PHENOMENALITY: *uncanny*
MYTHICITY: *poor*
FRYEAN MYTHOS: *adventure*
CAMPBELLIAN FUNCTION: *psychological*
Here's yet another cheap Taiwanese chopcocky bolstered by the insertion of a few HK name-stars, and with just a touch of uncanny phenomena thrown into the mix. The movie's only noteworthy for a starring role for Nancy Yen, who played a supporting role in Angela Mao's SCORCHING SUN, FIERCE WIND, WILD FIRE.

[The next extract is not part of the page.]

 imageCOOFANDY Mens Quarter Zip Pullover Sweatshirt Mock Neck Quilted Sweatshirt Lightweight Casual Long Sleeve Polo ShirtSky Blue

The flick's alternate title EMPEROR OF SHAOLIN KUNG FU may be closer to the Chinese-language title, though it's not really any more accurate than the one with all the animal-names. The film does start off with an unnamed emperor, though he must be a pretty punk emperor given that his fortress-city is taken over by a few dozen bandits led by one Li Tzu Chang (Wang Hsieh). The emperor's something of a punk too, since before the bandits even take the city, he thinks it's "honorable" to commit suicide, and to take all or most of his retinue with him. Only his daughter Chang Ping resists this plan, though her father tries to kill her, but only manages to slice off one of her arms. She escapes the takeover anyway, and from then on, Bandit Chang keeps on the lookout for the only member of the royal family who got away.
Ping shields herself for a time in a Buddhist monastery, which might be where the "Shaolin" part of the title comes in, since someone apparently teaches her martial arts and swordplay. Ping finally leaves the monastery and tries to rally a rebel force against the usurpers. However, though she's pretty good as a one-armed swordswoman, she sucks at finding good allies. Twice she makes alliances, and twice her efforts at rebellion fail. She is reasonably liberated for a feudal princess, for in order to get revenge, she's even willing to sleep with one of her commoner allies, though she doesn't end having to do so.
In the last third of the movie, Ping is so badly routed that she takes refuge in a small village, where she pretends to be a madwoman so that no one will suss out her identity. In this identity she meets Tu the Butcher (Carter Wong). Tu just happens to be desperately looking for a bride to satisfy the wishes of his dying mother, and he convinces himself to marry the comely crazy lady to that end. Not surprisingly, Ping likes Tu's filial devotion-- she didn't exactly have a great parent herself-- and also appreciates that he shares her antipathy for Bandit Chang. So the princess marries the commoner and implicitly enjoys a wedding-night so that she has some hope of bearing his child before he fights Chang.
The final battle in which Tu and Ping team up against Chang is just so-so, and things aren't even much livelier when Chang unleashes his one uncanny weapon, mini-grenades that look like black marbles. (Compared to some of the weird weapons I've seen in HK films, marble-bombs are pretty meager fare.) Slightly more interesting is the tragic turn of Ping's marriage, for Tu dies and she apparently does not conceive by him, since she spends the rest of her days as a wandering nun teaching martial arts. Nancy Yen gets the best dramatic scenes, though her fight-stunts aren't even as good as the ones in her Angela Mao movie.